++++ THE DATA ++++

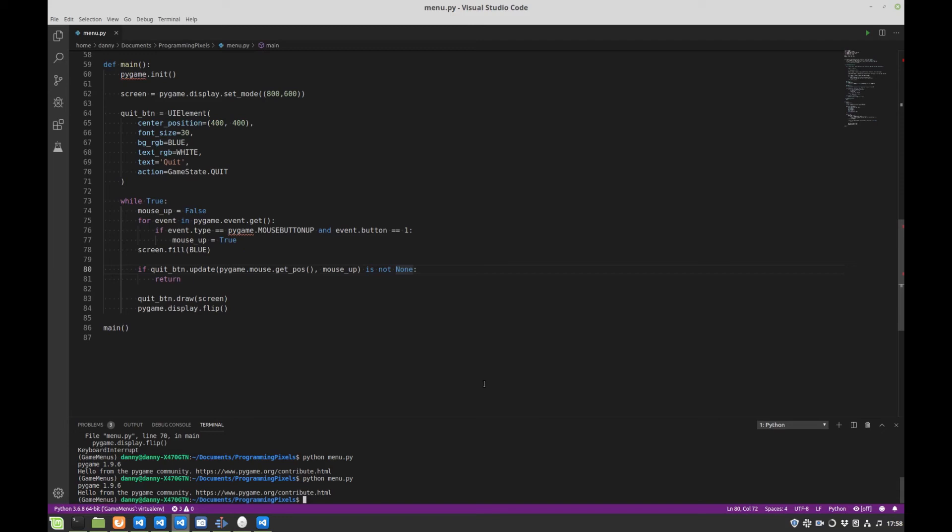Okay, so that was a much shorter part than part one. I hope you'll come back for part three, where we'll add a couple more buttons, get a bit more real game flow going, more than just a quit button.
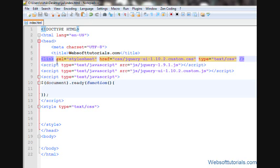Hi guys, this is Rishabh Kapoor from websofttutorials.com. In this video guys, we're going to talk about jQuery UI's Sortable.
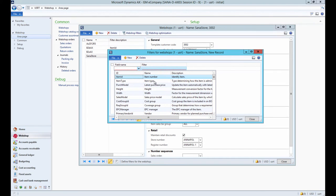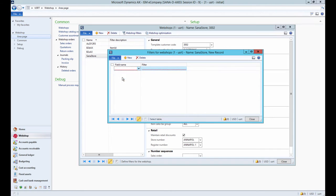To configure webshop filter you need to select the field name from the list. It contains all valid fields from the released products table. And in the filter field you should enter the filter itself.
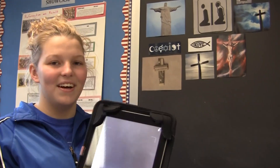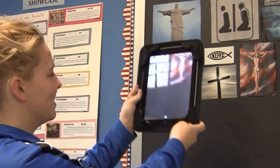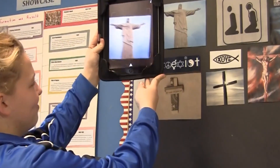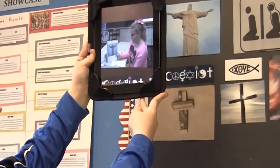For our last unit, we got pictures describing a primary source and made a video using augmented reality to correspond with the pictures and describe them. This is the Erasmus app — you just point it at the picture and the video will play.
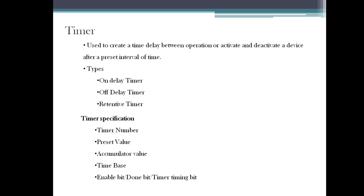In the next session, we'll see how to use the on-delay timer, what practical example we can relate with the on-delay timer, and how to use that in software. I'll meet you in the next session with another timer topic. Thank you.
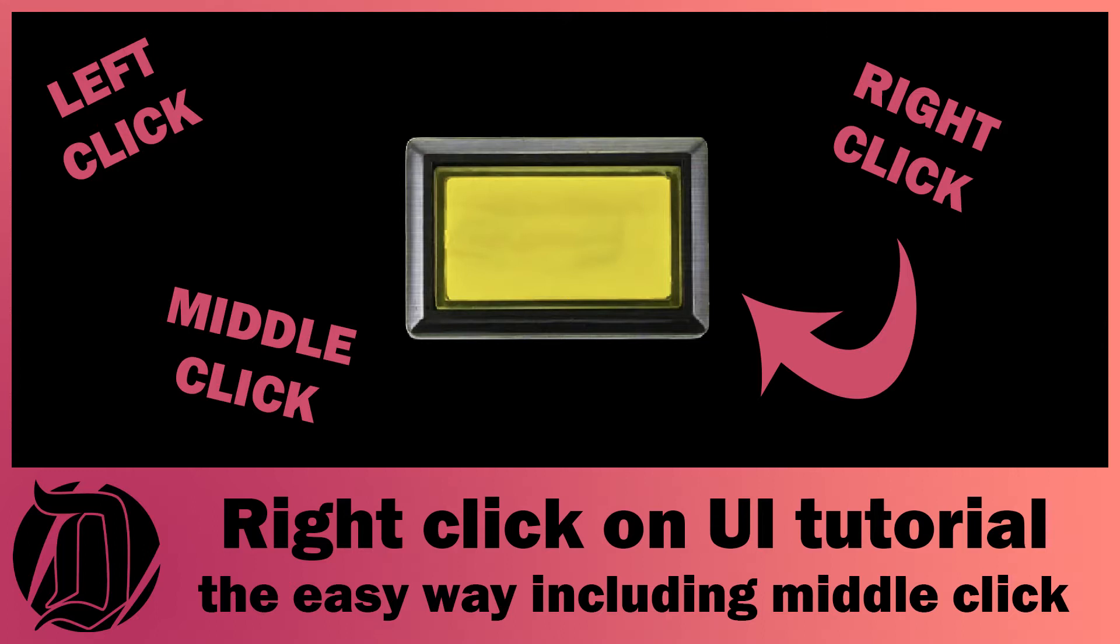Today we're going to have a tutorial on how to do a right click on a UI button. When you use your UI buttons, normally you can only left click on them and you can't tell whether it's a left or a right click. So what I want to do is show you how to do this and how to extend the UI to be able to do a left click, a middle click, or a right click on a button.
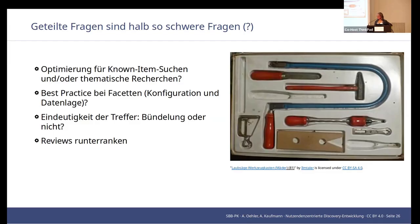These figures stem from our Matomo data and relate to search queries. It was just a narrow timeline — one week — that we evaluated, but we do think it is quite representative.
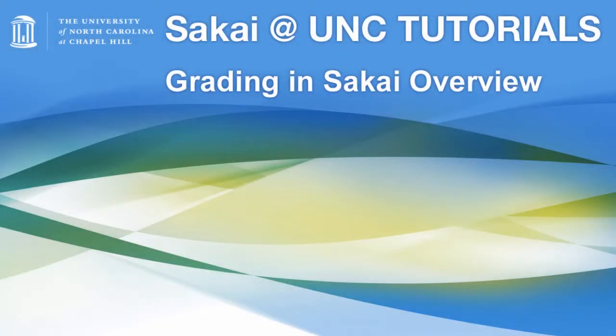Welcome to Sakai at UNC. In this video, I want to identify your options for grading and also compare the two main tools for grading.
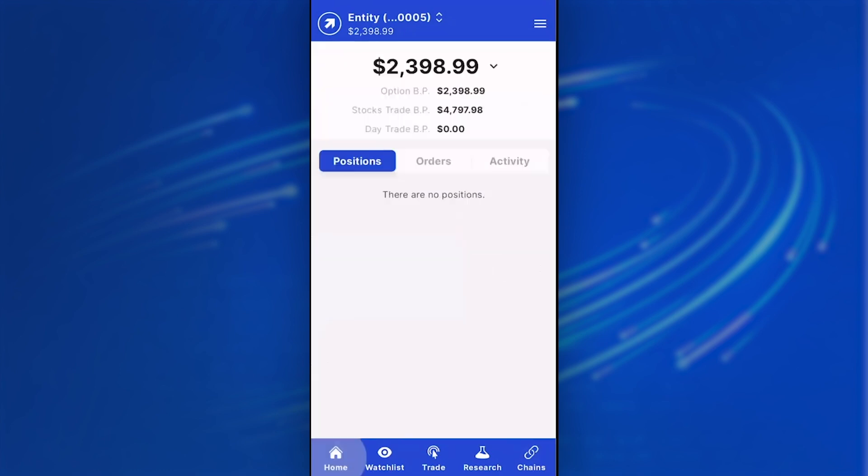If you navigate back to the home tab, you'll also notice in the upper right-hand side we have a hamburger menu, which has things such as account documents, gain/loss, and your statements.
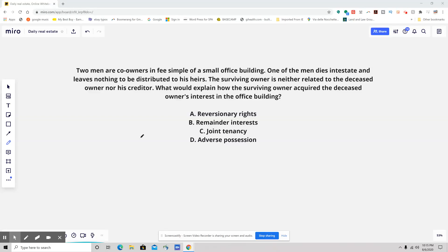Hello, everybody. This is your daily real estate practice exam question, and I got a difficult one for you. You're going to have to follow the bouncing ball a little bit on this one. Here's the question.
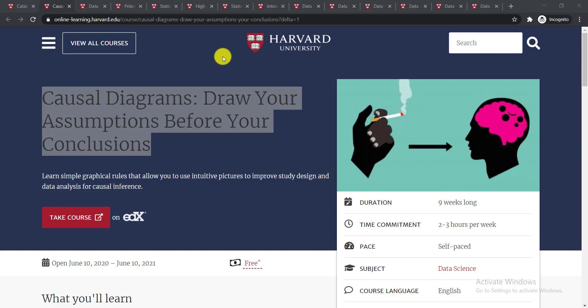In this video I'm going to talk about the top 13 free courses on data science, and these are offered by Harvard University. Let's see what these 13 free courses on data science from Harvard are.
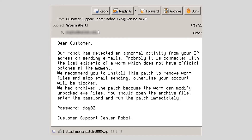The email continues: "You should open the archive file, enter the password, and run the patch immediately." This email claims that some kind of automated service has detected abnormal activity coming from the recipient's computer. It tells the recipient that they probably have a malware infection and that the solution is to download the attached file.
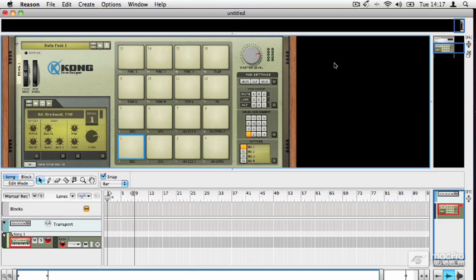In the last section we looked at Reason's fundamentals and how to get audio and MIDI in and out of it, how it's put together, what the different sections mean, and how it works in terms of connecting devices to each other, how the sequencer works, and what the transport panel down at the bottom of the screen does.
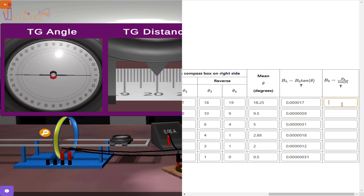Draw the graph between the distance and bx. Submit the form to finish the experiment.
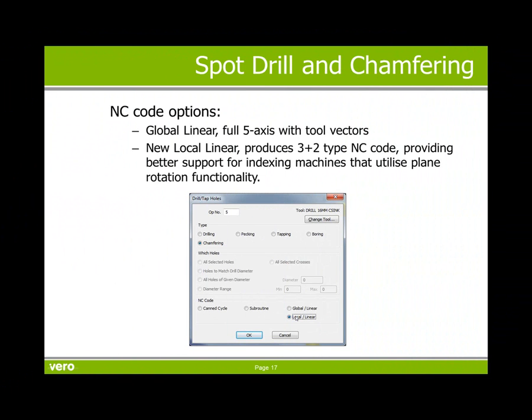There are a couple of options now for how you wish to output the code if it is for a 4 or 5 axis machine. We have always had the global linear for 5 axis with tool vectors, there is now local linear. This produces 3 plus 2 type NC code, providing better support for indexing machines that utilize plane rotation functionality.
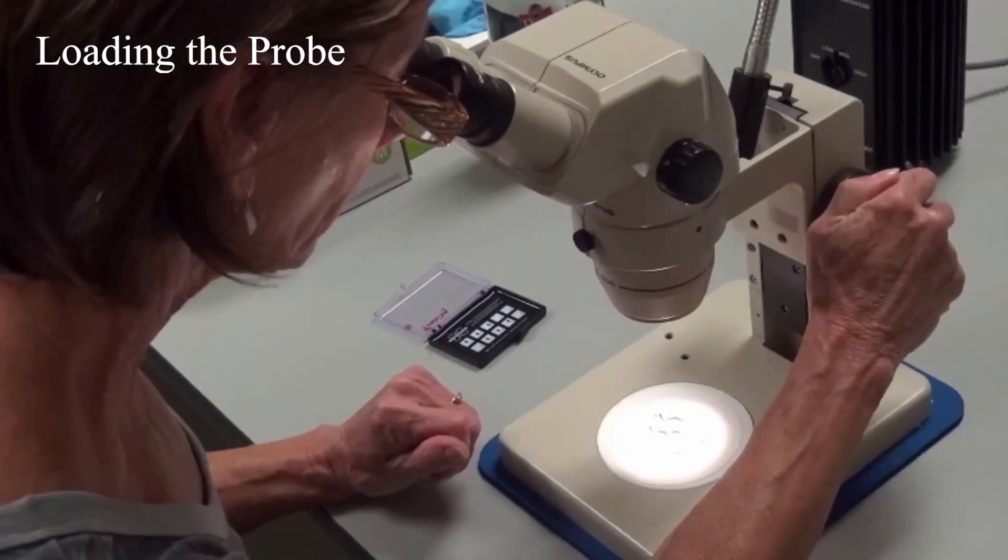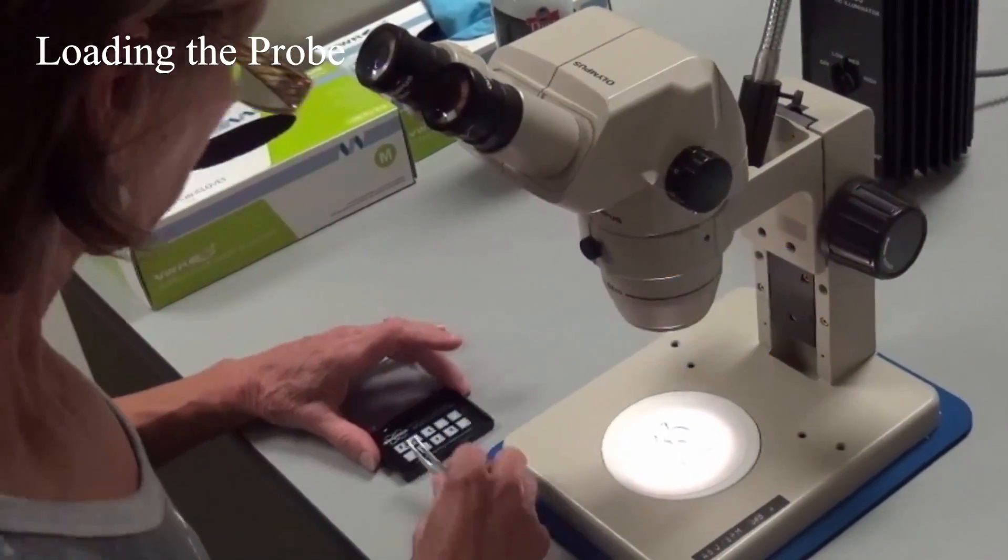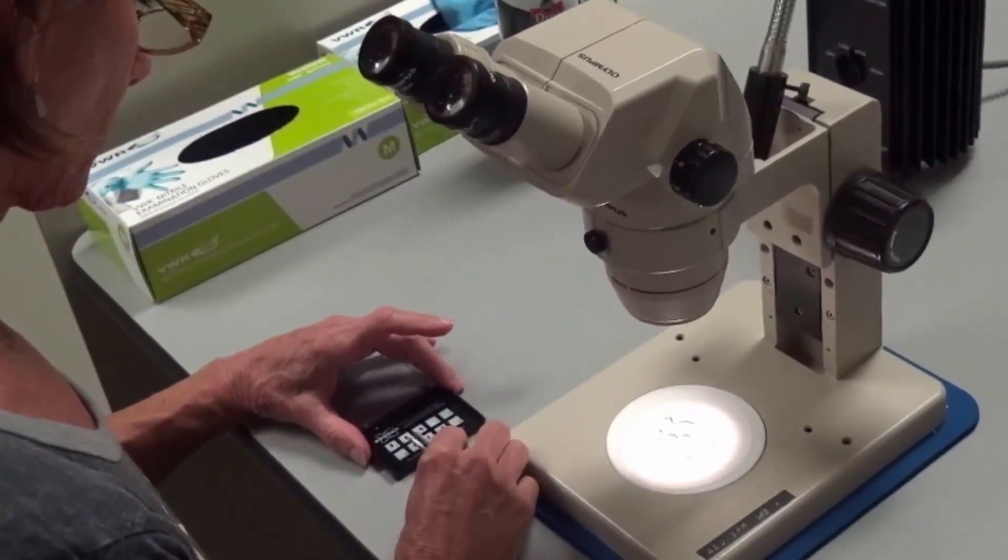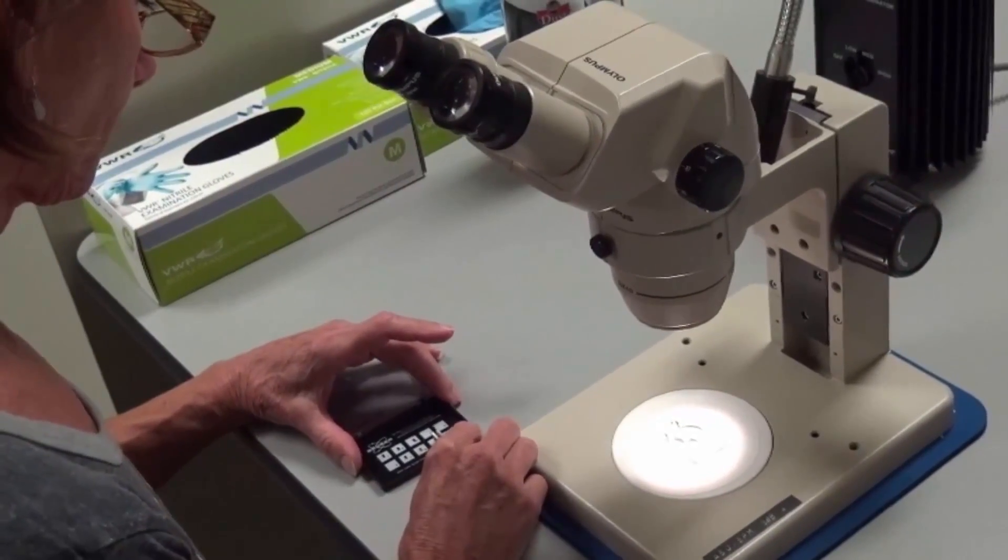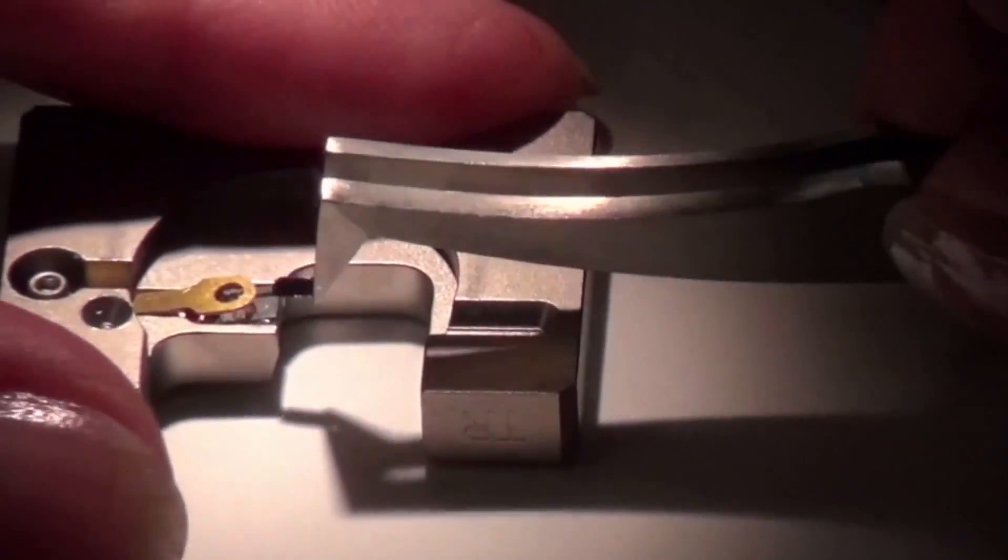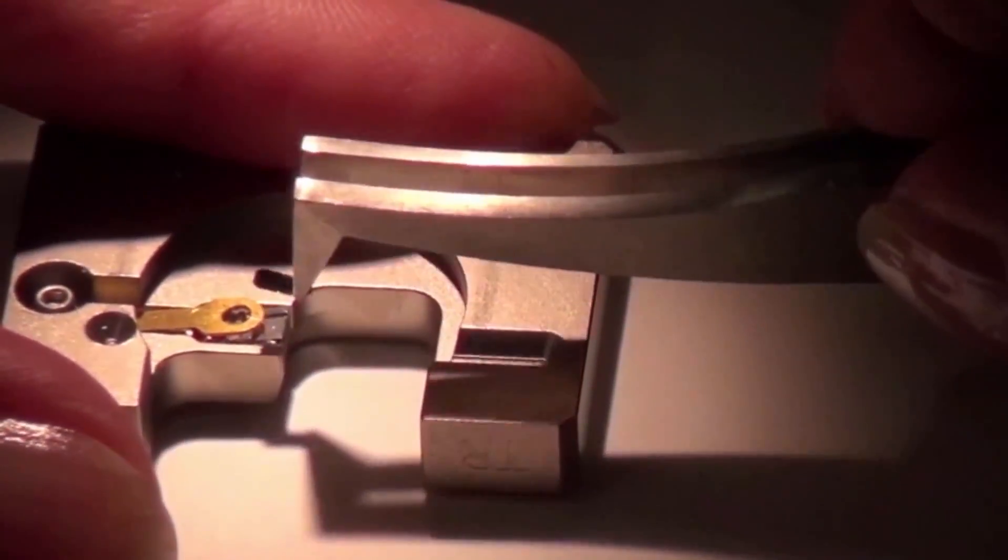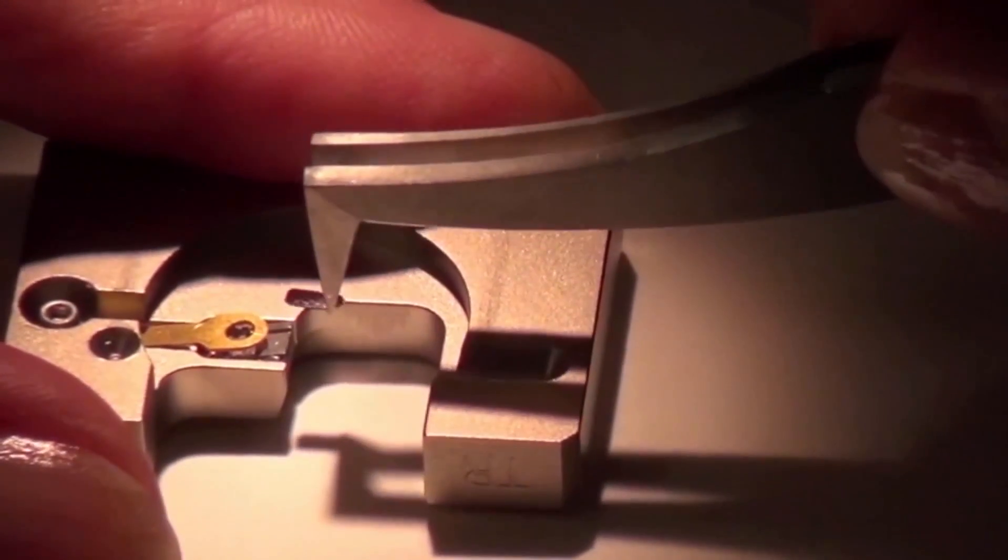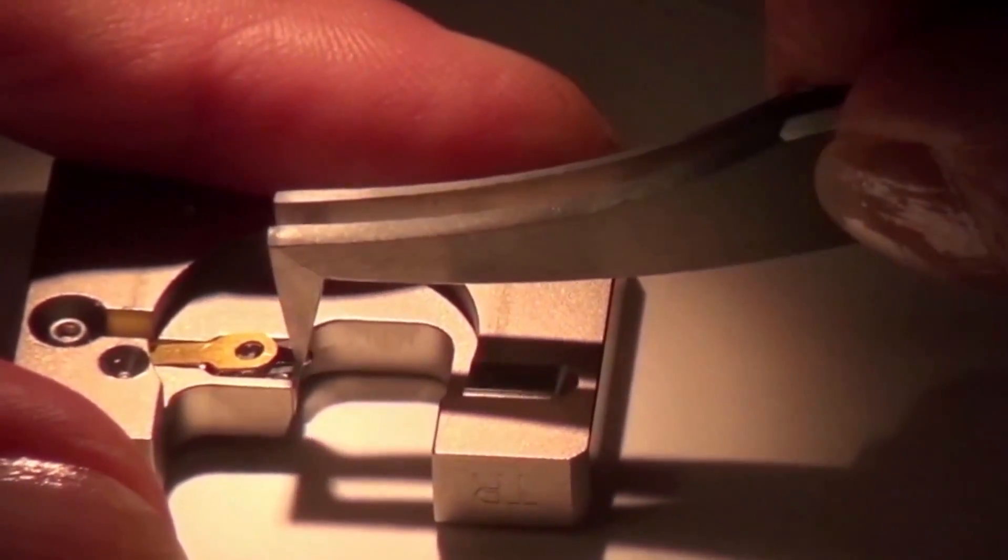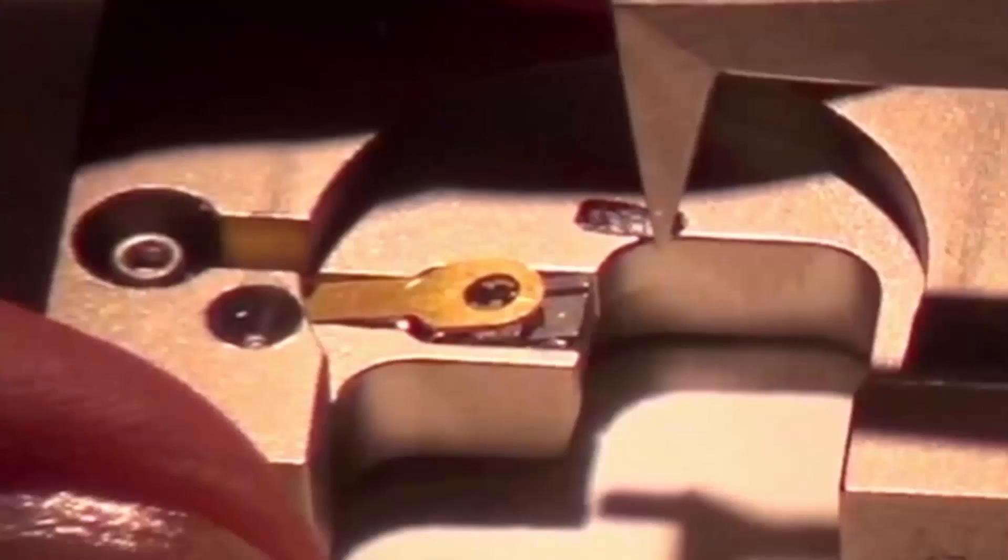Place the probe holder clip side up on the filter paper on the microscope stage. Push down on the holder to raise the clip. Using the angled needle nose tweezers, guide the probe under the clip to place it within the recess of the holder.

++++

EXERCISE: What you return must match, character for character, the lines above from the one with "These figures stem" through the one with "the attached file.", minus any pictures.

RESPONSE AREA:
These figures stem from our Matomo data and relate to search queries. It was just a narrow timeline — one week — that we evaluated, but we do think it is quite representative.
Welcome to Sakai at UNC. In this video, I want to identify your options for grading and also compare the two main tools for grading.
If you navigate back to the home tab, you'll also notice in the upper right-hand side we have a hamburger menu, which has things such as account documents, gain/loss, and your statements.
Hello, everybody. This is your daily real estate practice exam question, and I got a difficult one for you. You're going to have to follow the bouncing ball a little bit on this one. Here's the question.
In this video I'm going to talk about the top 13 free courses on data science, and these are offered by Harvard University. Let's see what these 13 free courses on data science from Harvard are.
The email continues: "You should open the archive file, enter the password, and run the patch immediately." This email claims that some kind of automated service has detected abnormal activity coming from the recipient's computer. It tells the recipient that they probably have a malware infection and that the solution is to download the attached file.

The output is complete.